EXERCISE GOAL
Search the listing below for the word "Street", and copy every line in which it turns up.

DATASET EXTRACT
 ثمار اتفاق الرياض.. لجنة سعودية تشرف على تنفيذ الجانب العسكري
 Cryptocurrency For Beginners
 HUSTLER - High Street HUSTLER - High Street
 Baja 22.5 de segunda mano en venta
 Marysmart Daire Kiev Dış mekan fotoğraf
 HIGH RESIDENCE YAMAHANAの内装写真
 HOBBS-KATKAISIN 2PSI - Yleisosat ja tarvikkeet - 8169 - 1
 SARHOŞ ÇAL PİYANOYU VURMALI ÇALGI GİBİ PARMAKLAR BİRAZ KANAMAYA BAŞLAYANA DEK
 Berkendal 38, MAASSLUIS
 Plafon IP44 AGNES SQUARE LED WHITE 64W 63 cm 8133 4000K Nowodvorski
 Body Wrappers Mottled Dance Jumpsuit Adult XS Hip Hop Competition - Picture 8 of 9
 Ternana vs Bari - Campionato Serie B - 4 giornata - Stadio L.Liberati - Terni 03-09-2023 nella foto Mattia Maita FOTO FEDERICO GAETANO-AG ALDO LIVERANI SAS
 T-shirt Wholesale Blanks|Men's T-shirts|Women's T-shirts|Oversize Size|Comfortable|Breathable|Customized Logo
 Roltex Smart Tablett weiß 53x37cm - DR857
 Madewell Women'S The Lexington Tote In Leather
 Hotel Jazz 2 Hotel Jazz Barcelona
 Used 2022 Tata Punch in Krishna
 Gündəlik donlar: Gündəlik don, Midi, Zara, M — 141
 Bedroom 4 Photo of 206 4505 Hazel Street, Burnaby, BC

OUTPUT FOR THIS TASK
 HUSTLER - High Street HUSTLER - High Street
 Bedroom 4 Photo of 206 4505 Hazel Street, Burnaby, BC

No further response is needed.